--- Your assignment ---
Locate, in the data below, the line that contains "Vintage Car Black" and the line that contains "43205-44221 Wektunaa 6-pack"; reproduce exactly those two lines and every line between them, nothing more.

[Short descriptive text snippets]
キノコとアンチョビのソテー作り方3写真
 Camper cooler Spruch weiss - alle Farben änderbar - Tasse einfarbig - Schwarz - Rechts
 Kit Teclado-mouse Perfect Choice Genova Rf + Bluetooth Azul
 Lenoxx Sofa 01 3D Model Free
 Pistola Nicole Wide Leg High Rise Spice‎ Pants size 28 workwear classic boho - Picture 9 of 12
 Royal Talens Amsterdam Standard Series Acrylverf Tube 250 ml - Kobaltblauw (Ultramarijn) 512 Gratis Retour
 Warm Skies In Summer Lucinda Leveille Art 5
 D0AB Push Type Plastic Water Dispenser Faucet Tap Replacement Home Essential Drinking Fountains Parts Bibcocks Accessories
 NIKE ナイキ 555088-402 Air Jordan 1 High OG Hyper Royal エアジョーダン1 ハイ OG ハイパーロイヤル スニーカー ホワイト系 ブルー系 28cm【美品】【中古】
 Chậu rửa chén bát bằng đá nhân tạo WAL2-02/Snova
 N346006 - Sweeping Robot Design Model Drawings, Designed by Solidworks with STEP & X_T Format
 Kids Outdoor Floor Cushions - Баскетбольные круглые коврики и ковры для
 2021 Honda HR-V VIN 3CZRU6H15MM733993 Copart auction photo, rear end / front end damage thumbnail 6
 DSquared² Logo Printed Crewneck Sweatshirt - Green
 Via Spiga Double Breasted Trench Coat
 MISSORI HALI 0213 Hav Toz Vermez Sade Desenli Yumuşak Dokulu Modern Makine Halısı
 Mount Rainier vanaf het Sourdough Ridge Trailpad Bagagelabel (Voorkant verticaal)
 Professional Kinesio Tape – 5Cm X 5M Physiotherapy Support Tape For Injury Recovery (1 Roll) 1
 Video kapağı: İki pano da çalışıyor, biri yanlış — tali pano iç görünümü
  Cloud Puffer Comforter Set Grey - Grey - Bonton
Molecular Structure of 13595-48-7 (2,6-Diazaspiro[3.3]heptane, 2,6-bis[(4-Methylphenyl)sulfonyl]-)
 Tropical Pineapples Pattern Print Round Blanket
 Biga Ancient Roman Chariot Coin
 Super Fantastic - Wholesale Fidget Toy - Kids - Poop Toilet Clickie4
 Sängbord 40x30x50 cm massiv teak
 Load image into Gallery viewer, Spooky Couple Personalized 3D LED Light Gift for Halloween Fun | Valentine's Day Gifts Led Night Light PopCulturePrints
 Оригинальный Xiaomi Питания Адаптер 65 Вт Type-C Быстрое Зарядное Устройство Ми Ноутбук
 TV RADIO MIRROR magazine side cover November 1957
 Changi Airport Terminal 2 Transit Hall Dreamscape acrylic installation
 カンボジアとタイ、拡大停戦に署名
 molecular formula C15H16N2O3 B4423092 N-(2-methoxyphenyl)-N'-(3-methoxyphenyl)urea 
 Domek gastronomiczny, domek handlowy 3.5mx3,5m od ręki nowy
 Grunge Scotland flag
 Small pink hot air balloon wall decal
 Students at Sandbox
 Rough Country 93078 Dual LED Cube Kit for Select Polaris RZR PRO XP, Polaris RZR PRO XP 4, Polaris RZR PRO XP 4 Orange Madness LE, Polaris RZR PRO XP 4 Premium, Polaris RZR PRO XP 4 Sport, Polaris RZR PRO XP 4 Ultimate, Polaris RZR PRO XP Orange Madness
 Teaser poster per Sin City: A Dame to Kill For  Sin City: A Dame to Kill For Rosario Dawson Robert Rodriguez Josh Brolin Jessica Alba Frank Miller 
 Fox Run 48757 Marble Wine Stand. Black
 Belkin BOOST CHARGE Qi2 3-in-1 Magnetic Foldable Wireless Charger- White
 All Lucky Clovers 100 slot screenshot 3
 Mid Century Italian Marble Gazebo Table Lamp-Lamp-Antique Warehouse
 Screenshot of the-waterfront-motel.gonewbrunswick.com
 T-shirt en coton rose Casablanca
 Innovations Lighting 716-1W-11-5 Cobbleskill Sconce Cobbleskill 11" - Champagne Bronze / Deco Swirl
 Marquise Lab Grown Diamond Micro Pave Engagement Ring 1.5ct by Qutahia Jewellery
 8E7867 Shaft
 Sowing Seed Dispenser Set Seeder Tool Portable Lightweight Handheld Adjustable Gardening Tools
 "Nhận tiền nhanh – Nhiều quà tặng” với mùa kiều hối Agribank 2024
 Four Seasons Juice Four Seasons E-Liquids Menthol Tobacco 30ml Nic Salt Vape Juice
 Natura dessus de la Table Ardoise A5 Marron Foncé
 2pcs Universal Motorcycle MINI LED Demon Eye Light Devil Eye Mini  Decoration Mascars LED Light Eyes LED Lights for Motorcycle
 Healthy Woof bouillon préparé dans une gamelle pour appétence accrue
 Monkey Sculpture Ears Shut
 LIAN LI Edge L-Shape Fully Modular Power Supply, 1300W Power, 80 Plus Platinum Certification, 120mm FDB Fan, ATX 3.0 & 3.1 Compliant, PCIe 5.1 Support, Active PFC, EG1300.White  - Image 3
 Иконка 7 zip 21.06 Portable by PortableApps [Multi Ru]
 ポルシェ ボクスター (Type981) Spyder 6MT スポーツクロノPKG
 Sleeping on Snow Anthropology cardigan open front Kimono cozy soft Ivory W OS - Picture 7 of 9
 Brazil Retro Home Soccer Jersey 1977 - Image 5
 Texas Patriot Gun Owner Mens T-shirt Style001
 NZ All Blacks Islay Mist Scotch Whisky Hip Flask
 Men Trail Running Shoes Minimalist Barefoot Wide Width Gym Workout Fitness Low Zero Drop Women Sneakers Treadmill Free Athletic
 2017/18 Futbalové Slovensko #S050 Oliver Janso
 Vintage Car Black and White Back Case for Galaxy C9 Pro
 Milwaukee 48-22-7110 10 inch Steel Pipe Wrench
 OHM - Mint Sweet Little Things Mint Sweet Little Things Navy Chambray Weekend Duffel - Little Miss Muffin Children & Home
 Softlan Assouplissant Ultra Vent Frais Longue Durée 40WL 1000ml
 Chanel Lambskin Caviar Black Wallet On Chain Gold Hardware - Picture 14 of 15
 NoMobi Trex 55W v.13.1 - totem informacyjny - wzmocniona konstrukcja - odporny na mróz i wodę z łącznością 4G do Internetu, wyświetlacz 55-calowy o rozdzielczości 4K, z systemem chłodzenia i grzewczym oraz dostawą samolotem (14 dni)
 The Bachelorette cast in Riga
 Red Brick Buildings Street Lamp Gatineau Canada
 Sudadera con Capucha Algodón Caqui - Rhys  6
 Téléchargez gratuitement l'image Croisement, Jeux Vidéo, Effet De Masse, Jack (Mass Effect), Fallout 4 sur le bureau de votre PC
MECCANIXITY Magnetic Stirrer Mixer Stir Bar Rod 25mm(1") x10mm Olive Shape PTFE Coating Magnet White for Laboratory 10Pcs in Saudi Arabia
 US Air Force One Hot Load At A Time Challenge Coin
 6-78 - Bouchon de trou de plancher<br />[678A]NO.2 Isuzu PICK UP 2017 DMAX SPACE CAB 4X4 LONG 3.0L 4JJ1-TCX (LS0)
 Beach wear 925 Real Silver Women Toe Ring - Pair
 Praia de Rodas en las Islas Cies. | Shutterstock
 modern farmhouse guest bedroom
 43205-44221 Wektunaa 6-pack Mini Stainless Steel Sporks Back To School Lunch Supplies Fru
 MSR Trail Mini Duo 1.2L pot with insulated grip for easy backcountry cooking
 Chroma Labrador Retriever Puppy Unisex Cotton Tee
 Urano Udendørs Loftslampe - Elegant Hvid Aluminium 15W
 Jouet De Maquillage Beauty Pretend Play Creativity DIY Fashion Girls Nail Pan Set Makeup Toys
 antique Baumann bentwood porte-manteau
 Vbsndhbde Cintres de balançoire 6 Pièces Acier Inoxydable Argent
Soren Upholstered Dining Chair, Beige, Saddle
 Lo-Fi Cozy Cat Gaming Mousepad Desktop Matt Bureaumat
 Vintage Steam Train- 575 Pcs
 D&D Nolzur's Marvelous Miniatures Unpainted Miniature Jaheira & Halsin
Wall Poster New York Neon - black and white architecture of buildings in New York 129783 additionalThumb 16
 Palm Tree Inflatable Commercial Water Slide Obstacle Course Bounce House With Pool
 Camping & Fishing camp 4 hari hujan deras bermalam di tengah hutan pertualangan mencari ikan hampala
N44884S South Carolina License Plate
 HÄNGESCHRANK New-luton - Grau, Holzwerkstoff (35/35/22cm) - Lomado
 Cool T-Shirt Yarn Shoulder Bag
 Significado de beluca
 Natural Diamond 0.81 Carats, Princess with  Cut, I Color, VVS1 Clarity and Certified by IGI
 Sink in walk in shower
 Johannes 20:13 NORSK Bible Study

--- Task output ---
 Vintage Car Black and White Back Case for Galaxy C9 Pro
 Milwaukee 48-22-7110 10 inch Steel Pipe Wrench
 OHM - Mint Sweet Little Things Mint Sweet Little Things Navy Chambray Weekend Duffel - Little Miss Muffin Children & Home
 Softlan Assouplissant Ultra Vent Frais Longue Durée 40WL 1000ml
 Chanel Lambskin Caviar Black Wallet On Chain Gold Hardware - Picture 14 of 15
 NoMobi Trex 55W v.13.1 - totem informacyjny - wzmocniona konstrukcja - odporny na mróz i wodę z łącznością 4G do Internetu, wyświetlacz 55-calowy o rozdzielczości 4K, z systemem chłodzenia i grzewczym oraz dostawą samolotem (14 dni)
 The Bachelorette cast in Riga
 Red Brick Buildings Street Lamp Gatineau Canada
 Sudadera con Capucha Algodón Caqui - Rhys  6
 Téléchargez gratuitement l'image Croisement, Jeux Vidéo, Effet De Masse, Jack (Mass Effect), Fallout 4 sur le bureau de votre PC
MECCANIXITY Magnetic Stirrer Mixer Stir Bar Rod 25mm(1") x10mm Olive Shape PTFE Coating Magnet White for Laboratory 10Pcs in Saudi Arabia
 US Air Force One Hot Load At A Time Challenge Coin
 6-78 - Bouchon de trou de plancher<br />[678A]NO.2 Isuzu PICK UP 2017 DMAX SPACE CAB 4X4 LONG 3.0L 4JJ1-TCX (LS0)
 Beach wear 925 Real Silver Women Toe Ring - Pair
 Praia de Rodas en las Islas Cies. | Shutterstock
 modern farmhouse guest bedroom
 43205-44221 Wektunaa 6-pack Mini Stainless Steel Sporks Back To School Lunch Supplies Fru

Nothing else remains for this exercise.